* [ACTION ITEM]:
Transcribe each entry below exactly. Pictures do not go in the copy.

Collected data
——————————
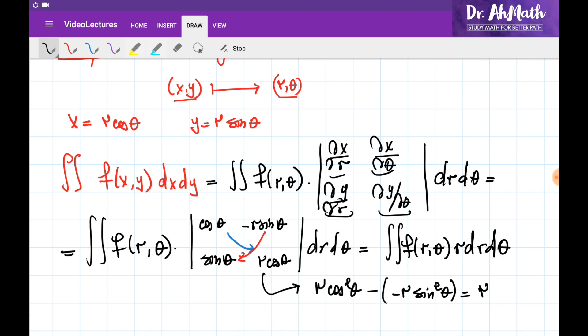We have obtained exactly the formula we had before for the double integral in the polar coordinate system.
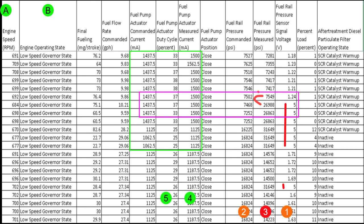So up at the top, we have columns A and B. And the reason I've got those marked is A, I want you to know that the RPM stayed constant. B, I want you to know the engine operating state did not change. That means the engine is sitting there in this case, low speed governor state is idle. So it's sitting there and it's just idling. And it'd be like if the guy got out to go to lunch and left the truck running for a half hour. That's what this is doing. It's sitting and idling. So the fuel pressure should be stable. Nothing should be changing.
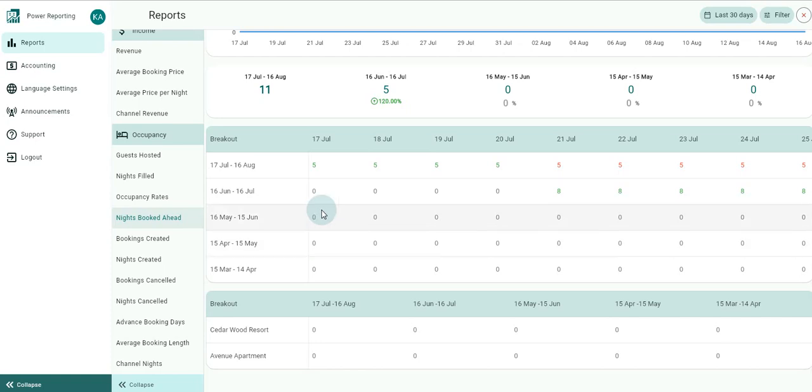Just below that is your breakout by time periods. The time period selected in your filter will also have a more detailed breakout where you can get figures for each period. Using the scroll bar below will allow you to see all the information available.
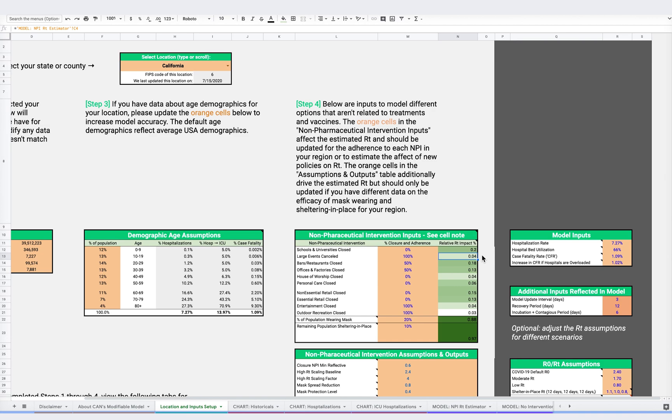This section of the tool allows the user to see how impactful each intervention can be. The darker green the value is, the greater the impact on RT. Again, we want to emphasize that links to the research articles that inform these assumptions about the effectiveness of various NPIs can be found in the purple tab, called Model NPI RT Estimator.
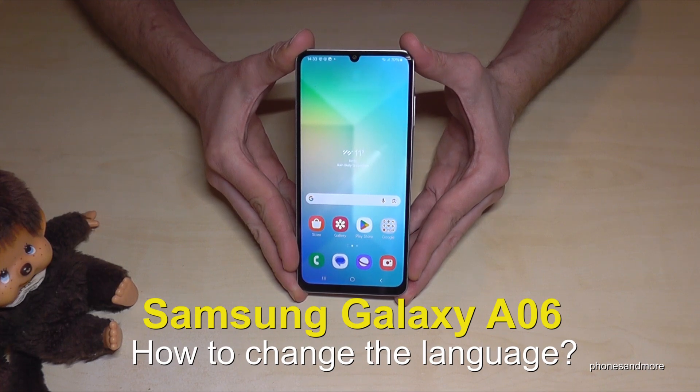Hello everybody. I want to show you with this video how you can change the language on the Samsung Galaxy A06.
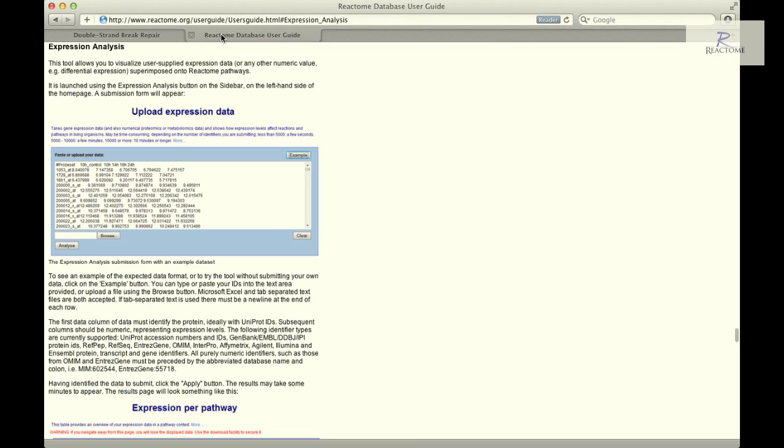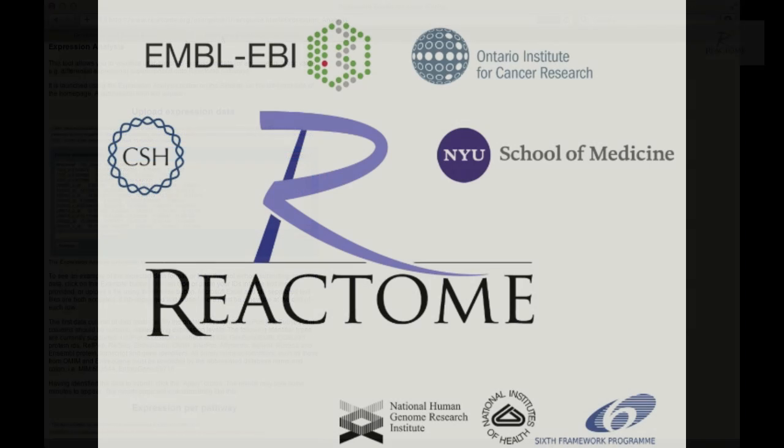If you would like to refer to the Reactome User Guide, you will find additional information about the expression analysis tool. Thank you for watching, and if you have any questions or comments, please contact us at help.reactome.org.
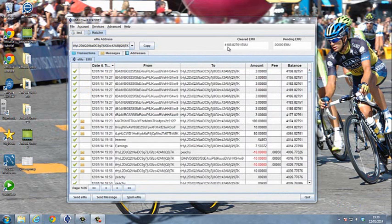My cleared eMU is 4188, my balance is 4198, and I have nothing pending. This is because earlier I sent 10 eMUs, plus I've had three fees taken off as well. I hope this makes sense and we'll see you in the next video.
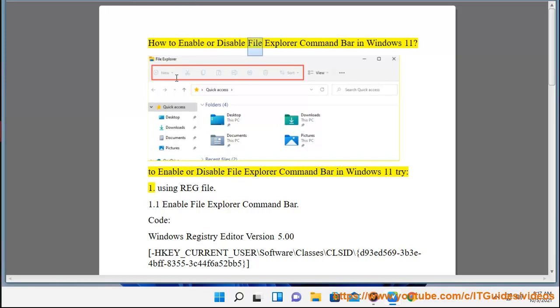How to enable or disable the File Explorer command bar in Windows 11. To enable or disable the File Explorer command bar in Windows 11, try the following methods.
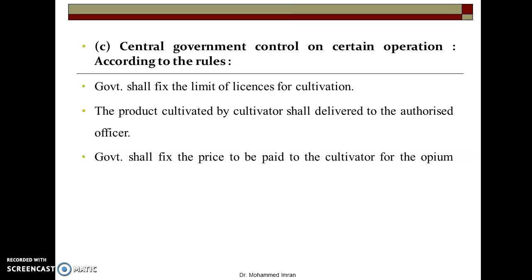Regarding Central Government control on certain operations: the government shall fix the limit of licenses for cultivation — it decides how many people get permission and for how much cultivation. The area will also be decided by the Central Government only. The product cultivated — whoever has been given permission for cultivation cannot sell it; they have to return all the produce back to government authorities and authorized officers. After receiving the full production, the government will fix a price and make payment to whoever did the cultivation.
——————————
* [RESPONSE BELOW]:
We have obtained exactly the formula we had before for the double integral in the polar coordinate system.
So up at the top, we have columns A and B. And the reason I've got those marked is A, I want you to know that the RPM stayed constant. B, I want you to know the engine operating state did not change. That means the engine is sitting there in this case, low speed governor state is idle. So it's sitting there and it's just idling. And it'd be like if the guy got out to go to lunch and left the truck running for a half hour. That's what this is doing. It's sitting and idling. So the fuel pressure should be stable. Nothing should be changing.
Just below that is your breakout by time periods. The time period selected in your filter will also have a more detailed breakout where you can get figures for each period. Using the scroll bar below will allow you to see all the information available.
This section of the tool allows the user to see how impactful each intervention can be. The darker green the value is, the greater the impact on RT. Again, we want to emphasize that links to the research articles that inform these assumptions about the effectiveness of various NPIs can be found in the purple tab, called Model NPI RT Estimator.
Hello everybody. I want to show you with this video how you can change the language on the Samsung Galaxy A06.
If you would like to refer to the Reactome User Guide, you will find additional information about the expression analysis tool. Thank you for watching, and if you have any questions or comments, please contact us at help.reactome.org.
My cleared eMU is 4188, my balance is 4198, and I have nothing pending. This is because earlier I sent 10 eMUs, plus I've had three fees taken off as well. I hope this makes sense and we'll see you in the next video.
How to enable or disable the File Explorer command bar in Windows 11. To enable or disable the File Explorer command bar in Windows 11, try the following methods.
Regarding Central Government control on certain operations: the government shall fix the limit of licenses for cultivation — it decides how many people get permission and for how much cultivation. The area will also be decided by the Central Government only. The product cultivated — whoever has been given permission for cultivation cannot sell it; they have to return all the produce back to government authorities and authorized officers. After receiving the full production, the government will fix a price and make payment to whoever did the cultivation.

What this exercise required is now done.